Case 2: Overactive bladder: Failed medication therapy
A healthy 63-year-old woman presents with a 9-month history of loss of urine with strong urges, urinating 4 times per night, and a feeling of urgency when she needs to urinate. She denies pain with urination, difficulty emptying her bladder fully, and pain with a full bladder. She has restricted her fluid intake to 4 glasses of water per day and has stopped drinking fluids 4 hours before bedtime.

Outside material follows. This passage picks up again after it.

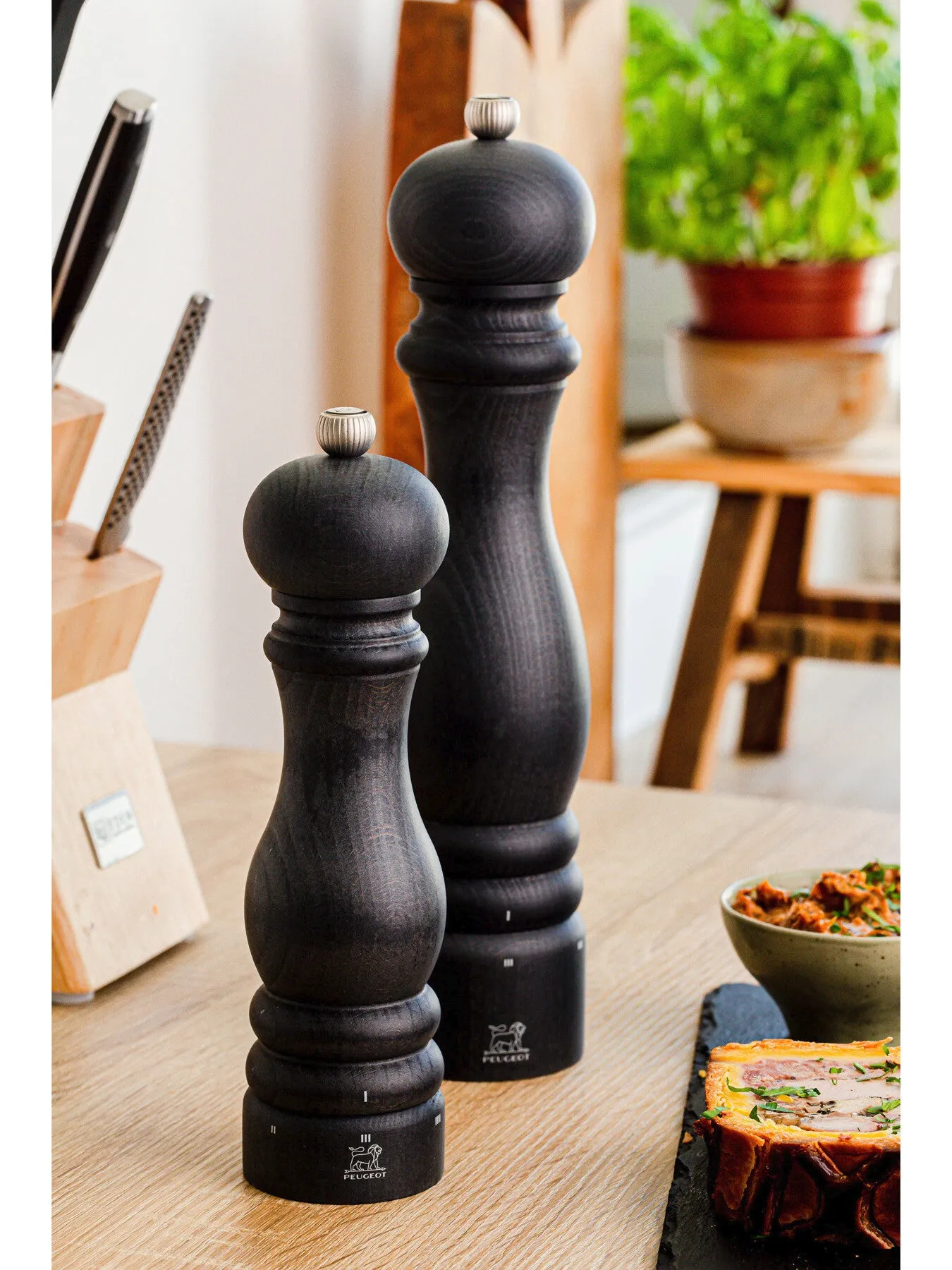 22cm Pepper Mill - Natural, Wood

She described her symptoms to her intern‑ ist, who prescribed oxybutynin. She took the medication for 3 months but stopped after she developed severe constipation and dry mouth. She states the medication did not help her urinary symptoms. You discuss with her trials of other medications including topical anticholinergics and mirabegron. She is frustrated with her symptoms and asks if there are any other options besides medications.
Overactive bladder (OAB) is present in up to 16% of the US population, with the percentage estimated to increase by 20% within the next 2 years.11,12 The drastic increase in prevalence, likely due to the aging population, may result in an increased counseling and management burden placed on general practitioners and gynecologists.